Ida Lupino was one of Walsh's favourite actresses although initially she was not his first choice but that of the producer, Mark Hellinger, for the role of Lana in They Drive By Night the first of four films he made with her. Walsh got on well with her and they followed up with High Sierra (1941). The havoc released by the the madness of the Lupino character in Drive was tacked on to the main theme and won Lupino a seven year contract with Warner Bros. Moss suggests that the role in the film “bore an uncanny resemblance to (the havoc) brought on by the first Mrs Walsh” which may have been an ironic coincidence since Lupino's character also resembles a psychotic wife played by Bette Davis in a 1935 Warners film Bordertown.

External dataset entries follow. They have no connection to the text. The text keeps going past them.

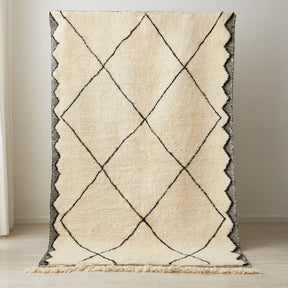 tappeto beni ourain in tinta unita con rombi e bordi neri in posizione verticale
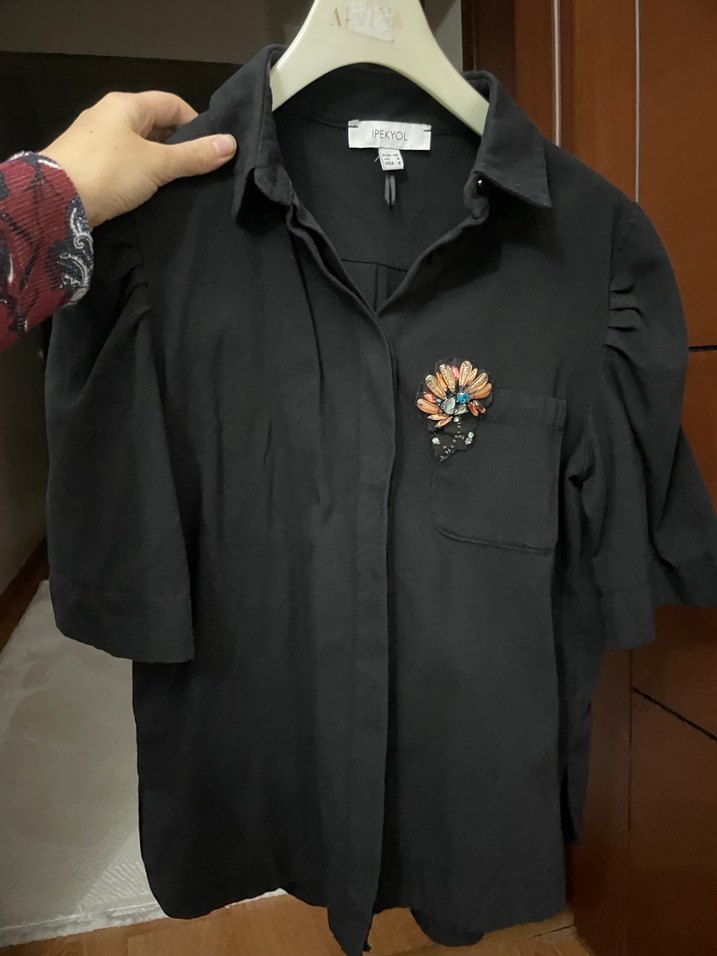 Siyah Düğmeli Kısa Kollu Kadın Gömlek - Görsel 2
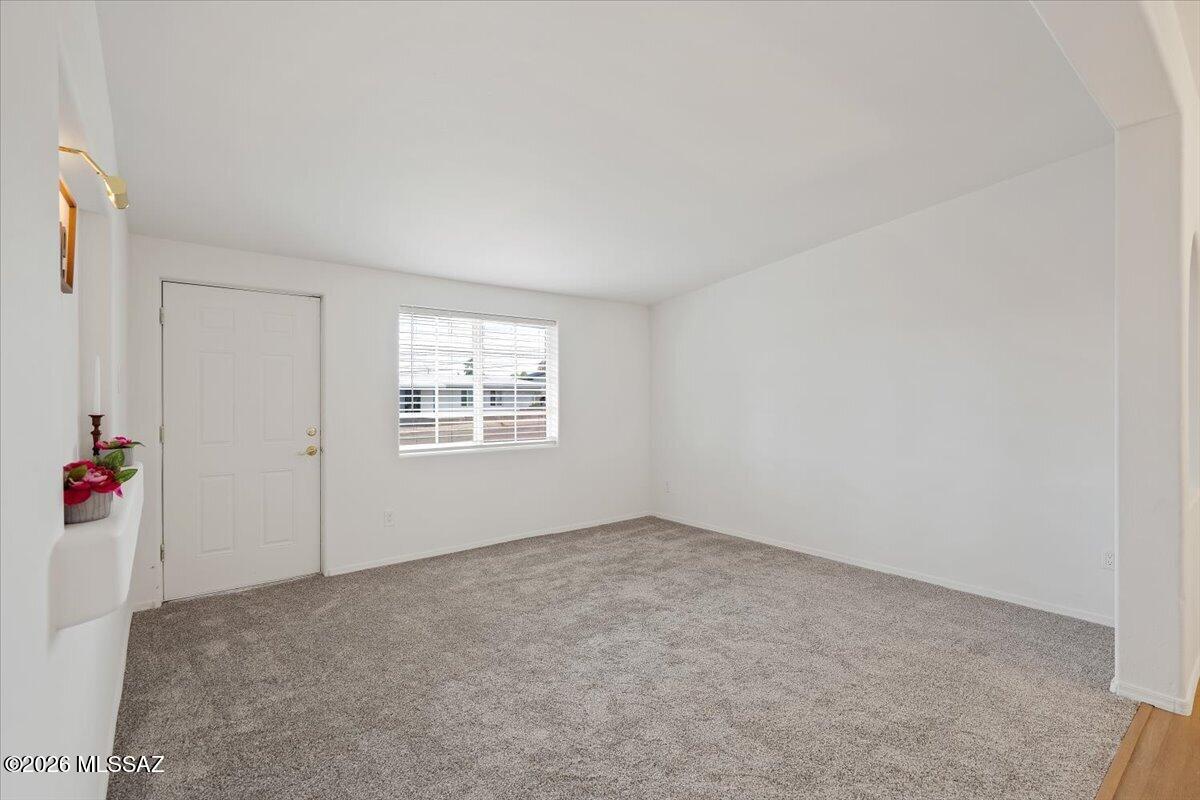 910 W 4th Avenue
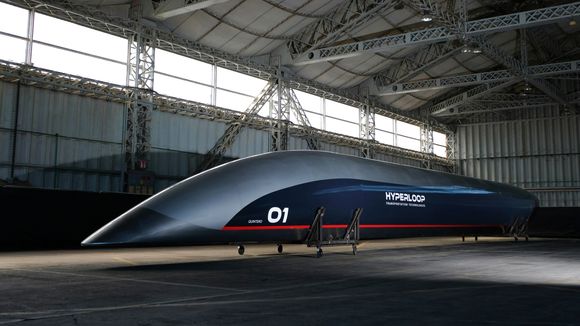 Hyperloop-poden Nacelle fra Spania, som skal ha rom for 30 passasjerer, ankom flyplassen i 2019. <i>Foto:  Hyperloop TT</i>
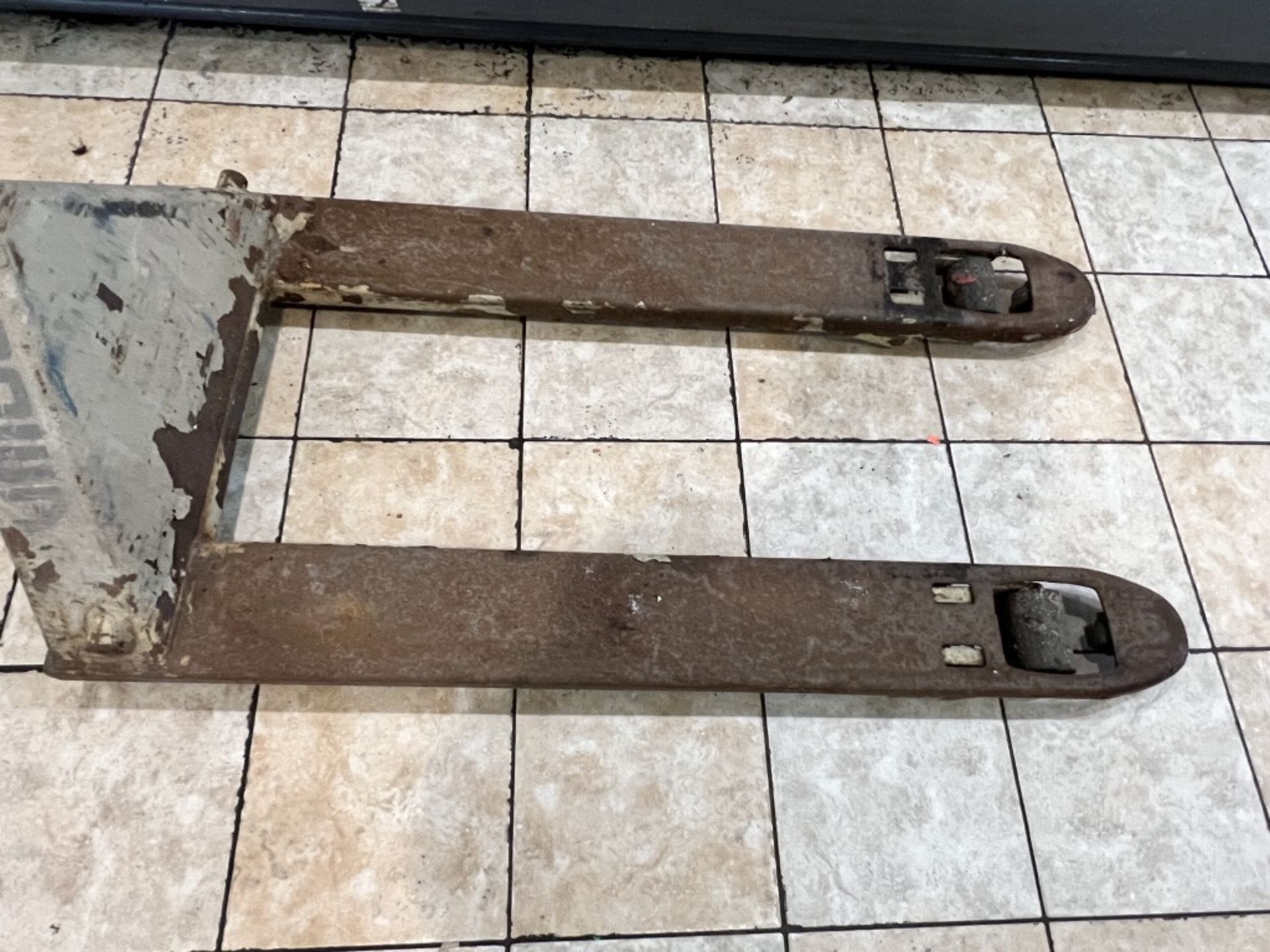 Crown Manual Pallet Jack, operational w/ signs of visible rust. - Image 4 of 9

Ida Lupino, Robert Alda, The Man I Love
Assigned to Walsh by Jack Warner, The Man I Love (1947) is one of the only cases where Walsh directed a woman's picture – the story of an independent but self-sacrificing woman, a nightclub singer in New York who devotes herself to her family's emotional problems. An account by Moss of its making offers a guide to Walsh's style across genres. On this film he did a lot of rewriting off the cuff on the script on which he and the screenwriter Catherine Turney had a free hand. Although this put the film behind schedule the assistant director, Ridgeway Callow, said Walsh worked at a “very fast” pace - that he was great on camera set-ups but did not give much direction to the cast. Ida Lupino playing the lead role, Callow reported, would ask questions in “earthy language” and Raoul would reply in kind “like the back and forth in a tennis match... the same as on any of Raoul's films.” Callow said that Walsh would come in the the morning saying in relation to the day's work: “What the hell happens in this sequence? You had to go into detail and tell him. But he didn't take him any time at all to pick a set-up...where to put the camera...probably faster than anyone I've seen.” Moss comments that Walsh's “no nonsense direction”adds bite, in The Man I Love, to Lupino's cynical world view, toning down the melodrama.

Clark Gable, The Tall Men
In The Tall Men (1955), what is representative of Walsh's 'realism' is the merging of the role of Ben with the persona of Clark Gable to the point, Moss suggests, that the director, in romanticising the bond between them (Walsh hunted with Gable during the making of the film as he did on other occasions) is unable to see a difference between the actor and the character he plays. Yet The Tall Men also presents what Moss chooses to call, in the context of the fifties films, “a new kind of woman” played by Jane Russell with a combination of toughness and femininity. She is strong enough to travel on equal terms, capable of problematising the journey of “Walsh's more mature male traveller,” so placing the love between a man and a woman at the centre of his world.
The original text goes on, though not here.